Pandas Deprecation removal #342

rhanka · 2024-07-26T22:01:21Z

Summary by CodeRabbit

Bug Fixes
- Enhanced data handling in the API methods for improved performance and reliability.
- Improved handling of missing values in data processing functions.
New Features
- Streamlined DataFrame transformations for clearer and more efficient data processing.
Refactor
- Replaced inefficient methods with more appropriate techniques for data manipulation (e.g., using apply instead of applymap).
- Simplified logic across multiple methods for better readability and maintainability.

coderabbitai · 2024-07-26T22:01:33Z

Important

Review skipped

Draft detected.

Please check the settings in the CodeRabbit UI or the .coderabbit.yaml file in this repository. To trigger a single review, invoke the @coderabbitai review command.

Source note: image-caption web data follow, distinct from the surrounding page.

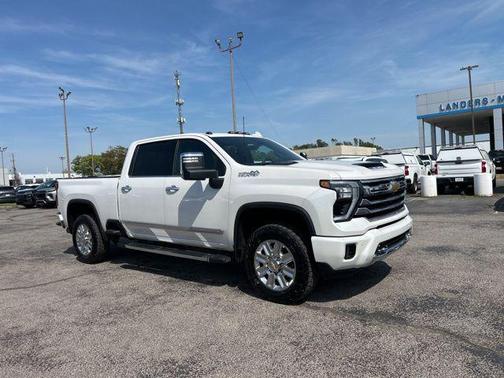 Iridescent Pearl Tricoat 2025 Chevrolet Silverado 2500 High Country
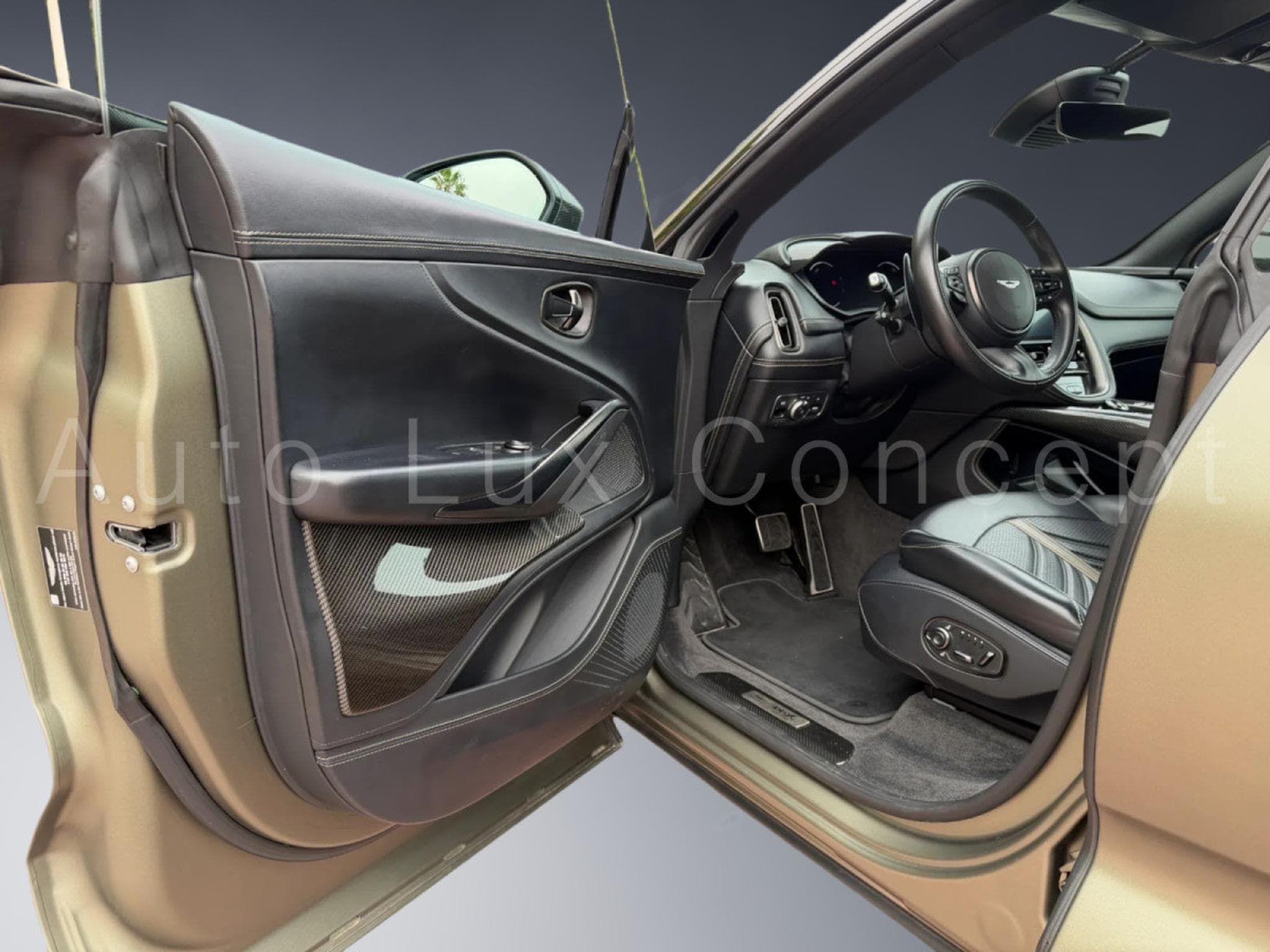 Aston-Martin DBX 707 (2022) - Photo 5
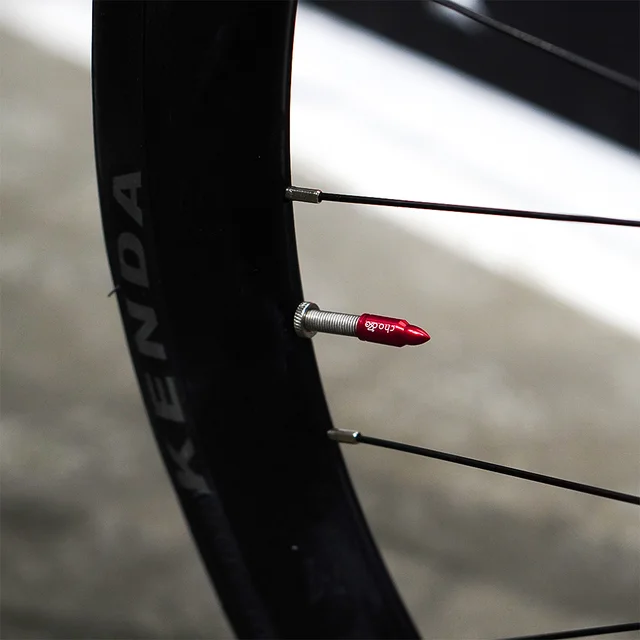 50 Tappi Valvola Presta Colorati Per Bici - Set Multicolore In Alluminio Anodizzato - Foto 5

You can disable this status message by setting the reviews.review_status to false in the CodeRabbit configuration file.

Walkthrough

The recent changes streamline data processing across several components by replacing inefficient methods with more efficient alternatives. Key modifications involve switching from applymap to apply and map, enhancing DataFrame manipulation, and refining numerical data handling to improve clarity and performance. A static identifier replaces dynamic generation in the Makefile, simplifying the build process. Overall, these updates enhance code maintainability and readability.

Changes

Files	Change Summary
Makefile	Changed `id` variable assignment from a dynamic base64 string generation to a static string `myid`, simplifying the build process.
code/api.py	Replaced `applymap` with `apply` and `map` for more efficient DataFrame column handling in `post` and `put` methods, improving performance and clarity in data transformations.
code/recipes.py	Enhanced data processing in `prepare_categorical` and `prepare_numerical` methods by updating missing value handling and using `np.where` instead of `applymap`, improving robustness and performance.

Poem

In the fields of code so bright,
Changes hop with pure delight,
Data dances, swift and free,
Processing flows like a gentle breeze.
“My ID’s set!” the rabbit grins,
As clarity wins, and performance spins! 🐇✨

Thank you for using CodeRabbit. We offer it for free to the OSS community and would appreciate your support in helping us grow. If you find it useful, would you consider giving us a shout-out on your favorite social media?

Share

…nd optim

coderabbitai

Actionable comments posted: 0

Review details

Configuration used: CodeRabbit UI
Review profile: CHILL

Commits

Files that changed from the base of the PR and between 03a4648 and f02807f.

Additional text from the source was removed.